Member of the South Carolina House of Representatives from the 115th district
- Incumbent
- Assumed office August 11, 2020
- Preceded by: Peter McCoy

Personal details
- Born: April 22, 1983 (age 43) Charleston, South Carolina, U.S.
- Party: Democratic
- Spouse: Burns
- Children: 2
- Education: Princeton University (BA) Vanderbilt University (JD)

= Spencer Wetmore =

American politician

Elizabeth "Spencer" Wetmore is an American politician from the state of South Carolina. She is a Democratic member of the South Carolina House of Representatives from the 115th district.
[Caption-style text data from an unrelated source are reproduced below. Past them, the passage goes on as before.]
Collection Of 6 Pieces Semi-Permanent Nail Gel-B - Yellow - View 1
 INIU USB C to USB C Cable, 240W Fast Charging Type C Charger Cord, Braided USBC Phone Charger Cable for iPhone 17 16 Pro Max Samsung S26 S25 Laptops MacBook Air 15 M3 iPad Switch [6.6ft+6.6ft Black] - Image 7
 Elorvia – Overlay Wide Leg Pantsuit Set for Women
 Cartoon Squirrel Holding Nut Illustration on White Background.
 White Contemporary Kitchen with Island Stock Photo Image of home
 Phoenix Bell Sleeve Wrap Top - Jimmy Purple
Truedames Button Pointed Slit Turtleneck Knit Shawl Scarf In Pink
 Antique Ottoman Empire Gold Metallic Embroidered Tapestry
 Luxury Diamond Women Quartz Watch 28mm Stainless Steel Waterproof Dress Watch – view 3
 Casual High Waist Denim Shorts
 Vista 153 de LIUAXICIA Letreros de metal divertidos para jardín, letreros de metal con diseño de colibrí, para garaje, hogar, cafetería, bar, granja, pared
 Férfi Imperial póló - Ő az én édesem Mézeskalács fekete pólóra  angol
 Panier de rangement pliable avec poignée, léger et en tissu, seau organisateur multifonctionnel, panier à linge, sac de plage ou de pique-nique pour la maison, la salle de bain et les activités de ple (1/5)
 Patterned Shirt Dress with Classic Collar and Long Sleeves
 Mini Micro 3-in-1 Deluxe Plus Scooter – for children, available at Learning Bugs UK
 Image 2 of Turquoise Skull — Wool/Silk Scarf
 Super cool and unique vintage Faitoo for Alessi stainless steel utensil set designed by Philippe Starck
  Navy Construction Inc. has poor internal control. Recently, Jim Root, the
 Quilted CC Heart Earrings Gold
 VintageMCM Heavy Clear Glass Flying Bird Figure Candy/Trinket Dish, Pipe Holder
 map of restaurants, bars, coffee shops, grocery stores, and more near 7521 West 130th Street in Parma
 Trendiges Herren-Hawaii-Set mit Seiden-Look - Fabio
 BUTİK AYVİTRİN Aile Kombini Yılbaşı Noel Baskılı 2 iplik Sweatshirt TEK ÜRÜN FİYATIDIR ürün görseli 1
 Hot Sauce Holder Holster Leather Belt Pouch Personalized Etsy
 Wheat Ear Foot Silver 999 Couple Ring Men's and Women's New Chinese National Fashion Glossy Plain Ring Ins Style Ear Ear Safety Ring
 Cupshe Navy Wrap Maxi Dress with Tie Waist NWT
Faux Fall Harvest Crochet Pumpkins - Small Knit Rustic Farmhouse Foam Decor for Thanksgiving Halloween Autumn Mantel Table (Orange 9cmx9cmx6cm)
== Early life, education and career ==
Wetmore is from Charleston, South Carolina. She graduated from Academic Magnet High School in North Charleston, South Carolina, Princeton University, and Vanderbilt University Law School. After being sworn into the South Carolina Bar in 2010, Wetmore served as a Prosecutor for the Ninth Circuit Solicitor‘s Office in Charleston County.

== Political career ==
In 2015, Wetmore was appointed city manager for Folly Beach, South Carolina.

When Peter McCoy resigned from the 115th district seat in the South Carolina House to serve as a U.S. Attorney in 2020, Wetmore ran in the special election to succeed him and won the election on August 11, 2020. She serves on the House Judiciary Committee and the Regulations and Administrative Procedures Committee.

Wetmore and her husband, Burns, have lived in Folly Beach since 2012. They have two daughters.